On an older computer it's essential to keep anything but essentials from loading at startup, extra programs just eat up ram and cpu cycles. The newer programs like McAfee and Norton's suites load a new computer down too much for my tastes.
It's a "can't have your cake and eat it too" problem. I just upgraded my daughter to a 3 year old system from a 5 year old one, her free avg antivirus significantly slowed the system down, but that's the price of protection.

See if msconfig finds some things you could eliminate from startup, adjust windows for best performance, do disk cleanup, burn off/back up as much data as possible. Defrag when you get as much free space as possible.

Make sure that the inside of your case is clean, dirt/dust/lint/dust bunnies kill hardware and performance.

I am a bad example since I don't use real time protection, I would rather have a fast computer that works good, you have to be very careful then.

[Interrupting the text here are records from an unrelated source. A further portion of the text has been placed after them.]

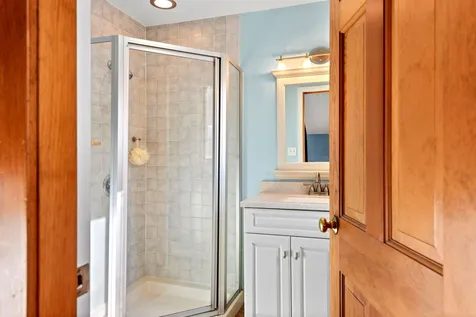 41 Ledgewood Circle Hebron NH 03241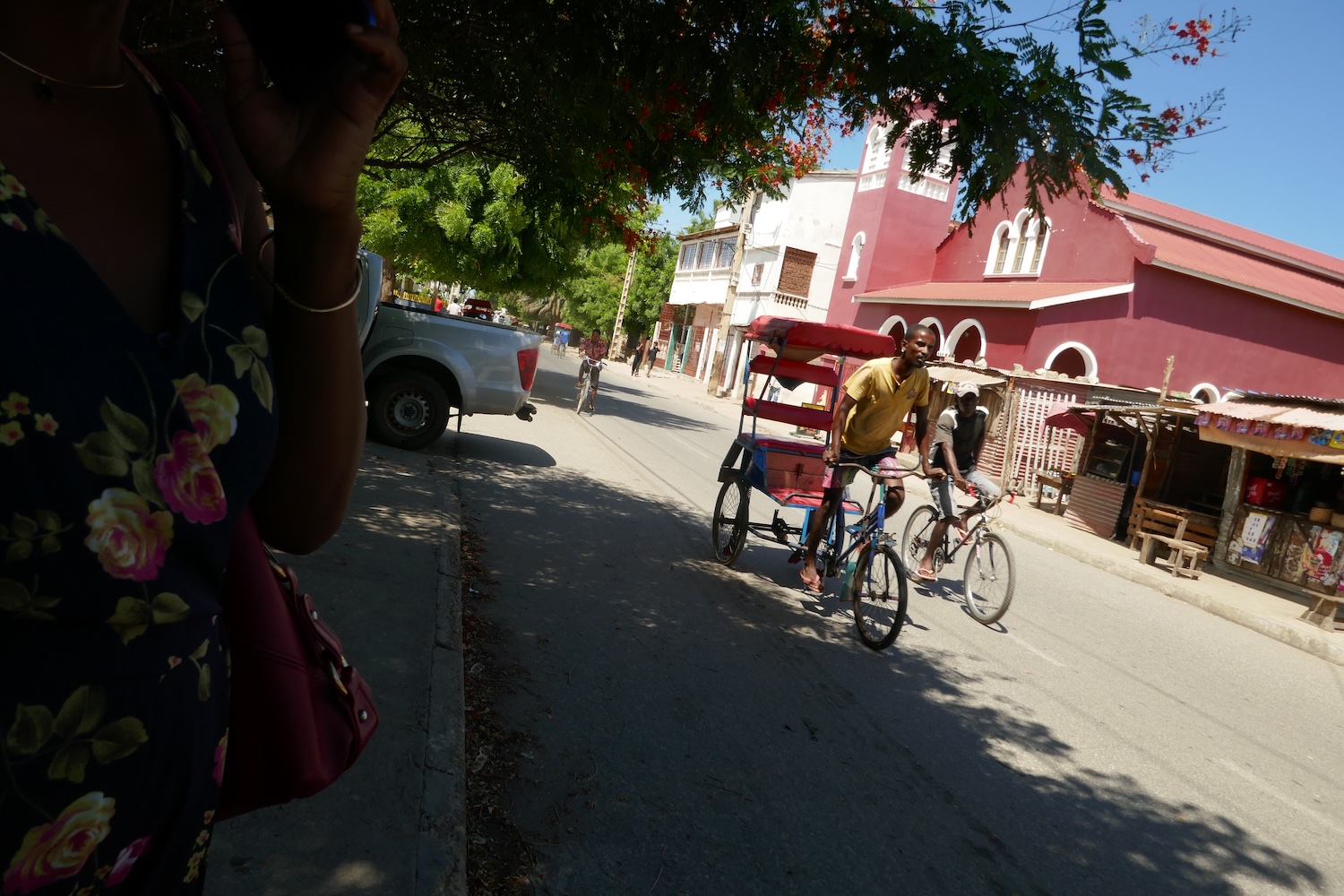 La rue où se situe l’organisation Bel Avenir et où passent des cyclo-bus, le moyen de transport dans la ville de Tuléar © Globe Reporters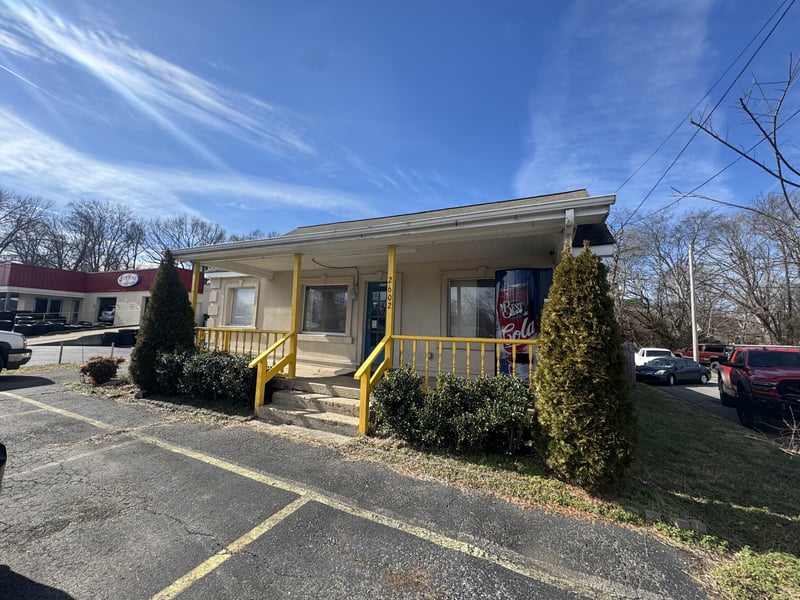 2602 Highway 41 , Greenbrier, TN 37073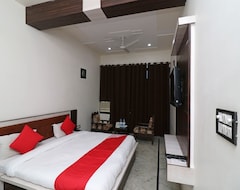 Hotel OYO 24879 Partap Inn (Agra, India)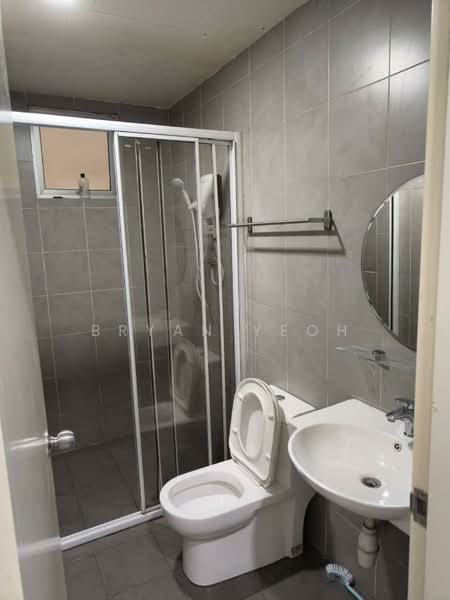 Servis Apartment untuk Disewa di Savanna Executive Suite @ Southville City - Bryan Yeoh - Bathroom - PropertyGuru.com.my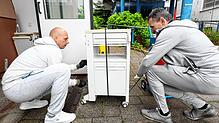 Helfer bereiten einen Nachtschrank für den Transport vor. Es ist einer von vielen Gegenständen aus dem Krankenhaus Radolfzell, der in ...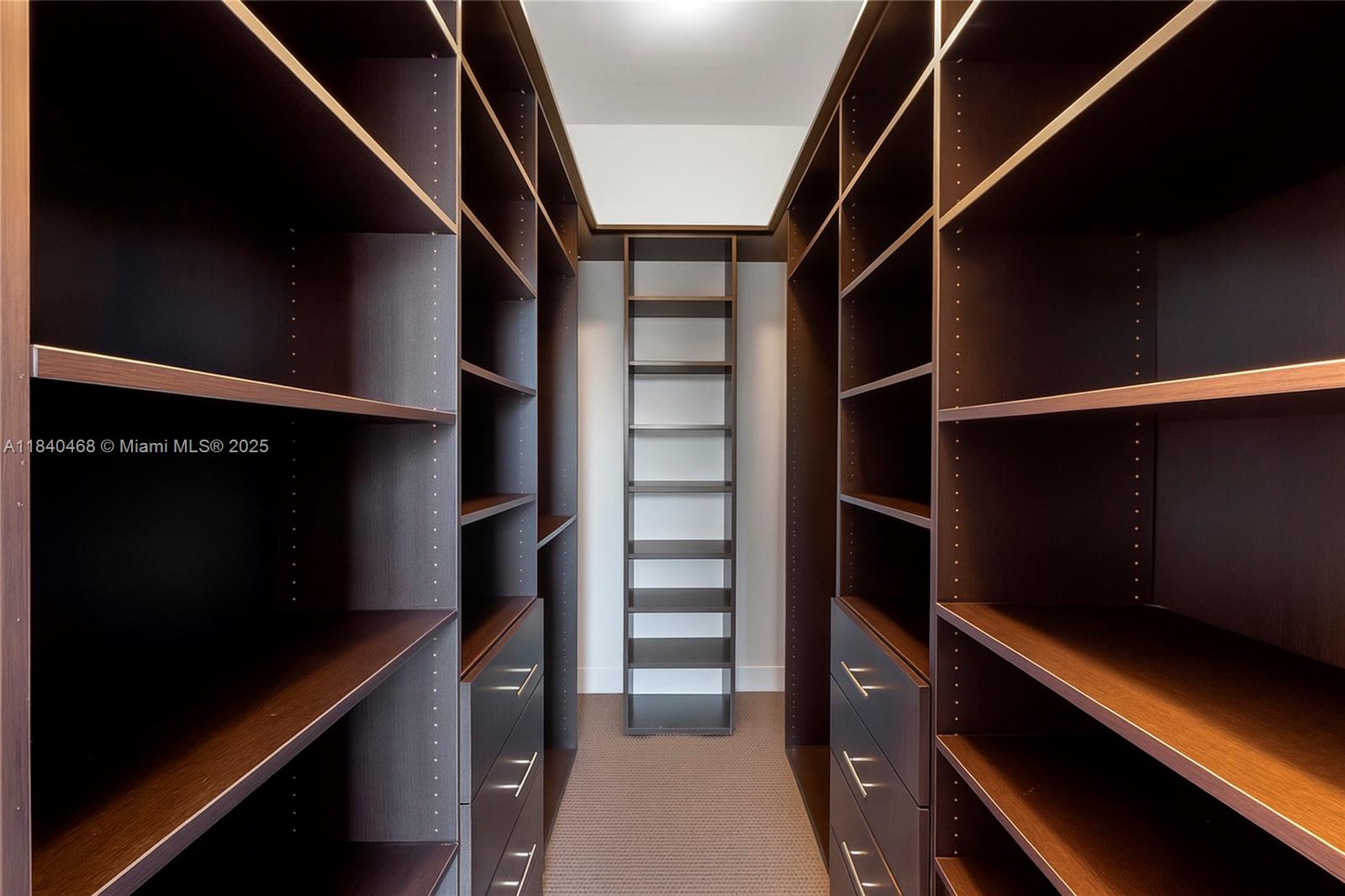 4307 3 / 3 2106 sq. ft. $ 2025-07-15 0 Photo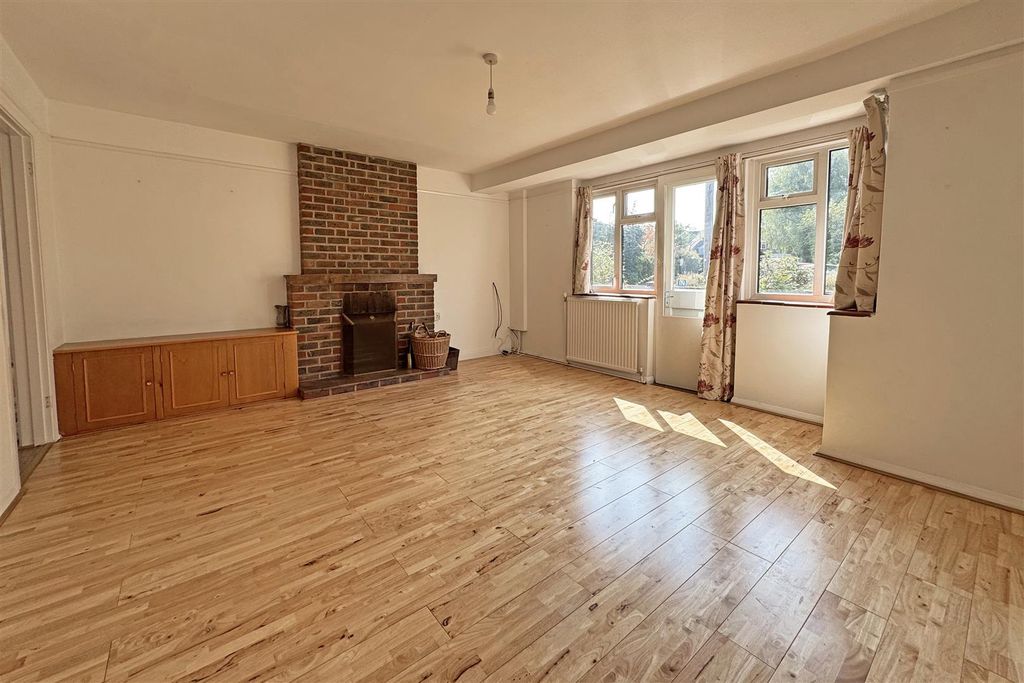 Property photo 2 of 18 Img_3459.Jpg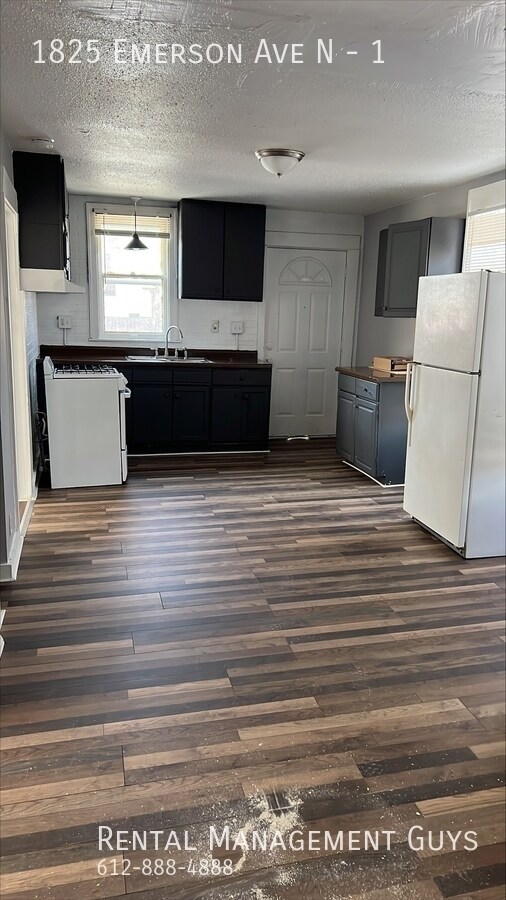 Foto del edificio - Ready to Rent 3 Bedroom Duplex! Fenced in ...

Add more ram if your computer only has 256 megs and it's using the swap file/virtual memory much.

How big should the page file be?


http://www.aumha.org/win5/a/xpvm.php

There is a great deal of myth surrounding this question. Two big fallacies are:

The file should be a fixed size so that it does not get fragmented, with minimum and maximum set the same
The file should be 2.5 times the size of RAM (or some other multiple)


Edited by DaChew, 03 January 2008 - 12:33 PM.